I've produced code that can bring the input data into the loss function (although this was the incorrect shape) but I am struggling to figure out how I can have this additional data brought in without it being part of the rest of the model and to ensure that Y_train_V2 matches the original Y_train once in the loss function (essentially producing a y_true and y_true_V2) in terms of shape and the batch. Below is my current code which uses a wrapper to bring in the LSTM input into the loss function.

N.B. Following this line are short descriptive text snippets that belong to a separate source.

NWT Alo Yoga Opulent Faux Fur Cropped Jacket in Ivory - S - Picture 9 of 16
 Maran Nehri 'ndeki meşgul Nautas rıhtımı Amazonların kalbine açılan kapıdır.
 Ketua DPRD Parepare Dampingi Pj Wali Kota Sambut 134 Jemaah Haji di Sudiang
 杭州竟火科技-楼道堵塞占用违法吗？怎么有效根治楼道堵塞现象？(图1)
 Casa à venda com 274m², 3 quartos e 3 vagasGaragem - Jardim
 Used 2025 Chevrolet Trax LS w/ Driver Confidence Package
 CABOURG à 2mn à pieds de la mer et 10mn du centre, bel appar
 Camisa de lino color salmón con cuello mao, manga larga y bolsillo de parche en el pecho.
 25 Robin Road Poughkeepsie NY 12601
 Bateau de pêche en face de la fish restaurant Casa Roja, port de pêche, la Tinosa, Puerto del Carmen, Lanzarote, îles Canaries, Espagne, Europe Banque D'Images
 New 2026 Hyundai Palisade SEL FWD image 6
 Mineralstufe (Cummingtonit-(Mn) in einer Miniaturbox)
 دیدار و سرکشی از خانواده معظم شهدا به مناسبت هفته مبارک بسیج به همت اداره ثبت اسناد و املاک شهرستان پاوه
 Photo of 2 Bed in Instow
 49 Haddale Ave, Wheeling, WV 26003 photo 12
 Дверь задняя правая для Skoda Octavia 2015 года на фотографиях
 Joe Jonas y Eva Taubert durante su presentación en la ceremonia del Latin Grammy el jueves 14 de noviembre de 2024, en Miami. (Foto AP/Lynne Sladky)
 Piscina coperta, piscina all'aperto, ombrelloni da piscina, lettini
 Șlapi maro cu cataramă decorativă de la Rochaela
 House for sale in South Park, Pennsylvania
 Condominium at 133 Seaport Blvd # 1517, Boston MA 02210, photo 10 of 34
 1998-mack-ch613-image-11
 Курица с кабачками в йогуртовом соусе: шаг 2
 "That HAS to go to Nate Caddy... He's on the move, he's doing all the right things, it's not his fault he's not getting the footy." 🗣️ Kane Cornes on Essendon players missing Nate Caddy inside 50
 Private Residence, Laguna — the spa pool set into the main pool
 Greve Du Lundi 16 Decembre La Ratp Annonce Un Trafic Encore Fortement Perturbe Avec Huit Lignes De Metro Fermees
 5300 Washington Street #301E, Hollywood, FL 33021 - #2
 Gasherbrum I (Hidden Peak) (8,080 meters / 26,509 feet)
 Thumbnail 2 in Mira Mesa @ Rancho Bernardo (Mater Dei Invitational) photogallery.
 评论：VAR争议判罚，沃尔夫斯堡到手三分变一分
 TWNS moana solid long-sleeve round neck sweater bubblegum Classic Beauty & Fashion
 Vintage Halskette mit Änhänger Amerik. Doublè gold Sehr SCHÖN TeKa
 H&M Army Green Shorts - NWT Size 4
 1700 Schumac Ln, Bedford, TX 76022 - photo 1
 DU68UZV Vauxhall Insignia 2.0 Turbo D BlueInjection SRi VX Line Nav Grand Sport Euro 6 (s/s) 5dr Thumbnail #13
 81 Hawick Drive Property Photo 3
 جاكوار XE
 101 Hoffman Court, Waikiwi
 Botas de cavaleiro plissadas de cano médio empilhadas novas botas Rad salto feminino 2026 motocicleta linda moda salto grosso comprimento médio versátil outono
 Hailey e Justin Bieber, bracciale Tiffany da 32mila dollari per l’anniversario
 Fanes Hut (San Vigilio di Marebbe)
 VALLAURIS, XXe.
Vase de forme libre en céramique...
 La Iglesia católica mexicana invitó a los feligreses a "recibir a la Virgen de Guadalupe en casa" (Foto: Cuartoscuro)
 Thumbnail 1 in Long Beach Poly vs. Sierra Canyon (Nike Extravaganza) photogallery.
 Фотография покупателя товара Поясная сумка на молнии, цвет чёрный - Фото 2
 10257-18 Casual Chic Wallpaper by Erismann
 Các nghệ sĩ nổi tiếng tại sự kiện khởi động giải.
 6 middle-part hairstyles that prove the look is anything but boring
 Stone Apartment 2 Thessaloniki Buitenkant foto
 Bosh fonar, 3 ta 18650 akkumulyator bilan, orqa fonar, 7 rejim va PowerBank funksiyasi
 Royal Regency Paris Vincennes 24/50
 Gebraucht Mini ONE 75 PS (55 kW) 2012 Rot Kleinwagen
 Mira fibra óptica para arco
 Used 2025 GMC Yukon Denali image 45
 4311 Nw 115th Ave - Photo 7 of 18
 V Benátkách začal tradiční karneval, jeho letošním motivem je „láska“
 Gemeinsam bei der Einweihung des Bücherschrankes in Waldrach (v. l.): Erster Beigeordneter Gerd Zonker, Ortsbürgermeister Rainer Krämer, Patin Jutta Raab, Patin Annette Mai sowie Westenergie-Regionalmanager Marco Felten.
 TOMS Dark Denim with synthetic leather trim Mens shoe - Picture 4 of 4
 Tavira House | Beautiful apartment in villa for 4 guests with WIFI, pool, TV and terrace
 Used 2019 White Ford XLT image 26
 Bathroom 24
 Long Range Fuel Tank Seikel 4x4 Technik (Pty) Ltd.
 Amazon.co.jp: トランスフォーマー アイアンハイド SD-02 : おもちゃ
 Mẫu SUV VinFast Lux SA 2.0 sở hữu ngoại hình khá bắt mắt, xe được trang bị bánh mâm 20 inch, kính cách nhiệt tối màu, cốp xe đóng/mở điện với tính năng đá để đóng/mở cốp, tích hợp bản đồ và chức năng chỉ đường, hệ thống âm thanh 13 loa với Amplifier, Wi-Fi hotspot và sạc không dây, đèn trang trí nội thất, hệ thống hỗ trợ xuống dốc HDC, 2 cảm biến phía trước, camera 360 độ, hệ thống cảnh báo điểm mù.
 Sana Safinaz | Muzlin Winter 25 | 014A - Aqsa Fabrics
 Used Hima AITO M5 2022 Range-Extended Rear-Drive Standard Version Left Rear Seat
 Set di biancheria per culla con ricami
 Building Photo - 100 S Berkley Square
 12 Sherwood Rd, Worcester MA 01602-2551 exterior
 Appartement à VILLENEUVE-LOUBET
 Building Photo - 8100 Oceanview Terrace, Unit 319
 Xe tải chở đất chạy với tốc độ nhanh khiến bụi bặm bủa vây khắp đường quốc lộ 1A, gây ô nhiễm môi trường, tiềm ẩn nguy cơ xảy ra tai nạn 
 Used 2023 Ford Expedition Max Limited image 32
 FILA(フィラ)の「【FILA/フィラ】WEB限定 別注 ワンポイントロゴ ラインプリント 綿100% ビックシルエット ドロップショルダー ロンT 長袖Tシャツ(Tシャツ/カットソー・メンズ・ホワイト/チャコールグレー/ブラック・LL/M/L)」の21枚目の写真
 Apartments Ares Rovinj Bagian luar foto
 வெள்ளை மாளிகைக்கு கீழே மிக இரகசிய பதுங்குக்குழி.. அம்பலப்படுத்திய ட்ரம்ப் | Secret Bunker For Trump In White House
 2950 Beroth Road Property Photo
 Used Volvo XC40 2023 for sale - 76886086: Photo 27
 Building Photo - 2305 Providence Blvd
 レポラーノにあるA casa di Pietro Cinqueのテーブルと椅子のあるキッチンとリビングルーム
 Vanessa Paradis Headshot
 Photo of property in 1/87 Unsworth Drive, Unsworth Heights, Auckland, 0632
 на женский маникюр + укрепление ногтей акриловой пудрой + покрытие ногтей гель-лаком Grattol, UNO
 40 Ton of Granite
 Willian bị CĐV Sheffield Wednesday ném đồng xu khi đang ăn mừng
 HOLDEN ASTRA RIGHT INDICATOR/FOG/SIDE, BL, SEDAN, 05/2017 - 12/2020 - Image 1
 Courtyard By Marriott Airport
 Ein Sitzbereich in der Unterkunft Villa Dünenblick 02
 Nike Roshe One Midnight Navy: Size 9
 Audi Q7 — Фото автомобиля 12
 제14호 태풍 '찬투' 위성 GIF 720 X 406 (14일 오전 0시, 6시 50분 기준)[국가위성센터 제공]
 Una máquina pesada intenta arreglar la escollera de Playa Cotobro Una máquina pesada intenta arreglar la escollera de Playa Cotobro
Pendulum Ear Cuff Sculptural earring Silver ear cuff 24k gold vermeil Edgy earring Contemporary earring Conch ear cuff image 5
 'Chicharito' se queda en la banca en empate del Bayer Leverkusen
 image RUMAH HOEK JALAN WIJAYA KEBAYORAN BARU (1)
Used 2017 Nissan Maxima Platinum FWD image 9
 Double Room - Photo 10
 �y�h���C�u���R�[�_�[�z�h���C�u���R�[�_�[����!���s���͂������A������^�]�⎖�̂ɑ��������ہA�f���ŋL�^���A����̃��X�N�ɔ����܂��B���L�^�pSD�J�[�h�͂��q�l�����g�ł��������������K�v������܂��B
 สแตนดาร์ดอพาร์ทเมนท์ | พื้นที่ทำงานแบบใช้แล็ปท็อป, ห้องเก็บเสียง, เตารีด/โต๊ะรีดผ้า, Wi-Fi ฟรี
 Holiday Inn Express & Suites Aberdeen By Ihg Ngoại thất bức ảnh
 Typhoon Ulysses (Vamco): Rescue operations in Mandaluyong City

As mentioned, I'm looking to change this so to have an additional y_true value from y_train_V2 that is just used in the loss function.
def custom_loss_wrapper(i):
def custom_loss(y_true, y_pred):
return K.sqrt(K.mean(K.square(y_pred - y_true)))
return custom_loss
def baseline_model():
i = Input(shape = (14,1))
x = LSTM(64,return_sequences=False)(i)
o = Dense(1)(x)
model = keras.Model(i,o)
print(i.shape)
model.compile(optimizer='adam', loss=custom_loss_wrapper(i))
return model
baseline_model().fit(x_train, y_train, epochs=10, batch_size= 4, validation_data=(x_test, y_test))
I've gone through several queries that have been asked on a similar topic (such as bringing input data for use in the LSTM also into the loss function) but I've struggled to apply them to my specific problem - particularly as I am unsure in regards to how to ensure the values remain consistent between y_true and y_true_2 in terms of the batching, etc.
Apologies in advance for any errors or repetition in the above query and I'd be happy to elaborate further if there are any queries.
I've tried to bring in y_train_V2 as another input to the model but my concern is how to ensure this won't be used in the LSTM training and is still processed so to be the same batch as y_train.
You could just concatenate them to the y labels like
# random dummy data
x_train = tf.random.uniform((100, 14, 1))
y_train_v1 = tf.random.uniform((100, 1))
y_train_v2 = tf.random.uniform((100, 1))
y_train = tf.concat((y_train_v1, y_train_v2), axis=-1)
def custom_loss_wrapper(i):
def custom_loss(y_true, y_pred):
y_true = y_true[:, :1]
y_true2 = y_true[:, 1:] # do here what you want with it
return K.sqrt(K.mean(K.square(y_pred - y_true)))
return custom_loss
Here, y_train
consists of your ground truth and also your additional information. Beware that if you want to use other metrics, you need an additional wrapper for them which deals with the two informations in y_true
.
An alternative way could be that you have another input and output for your network, which throughputs this information. Then you can specify different metrics for different outputs. But this is a bit more complicated to set up.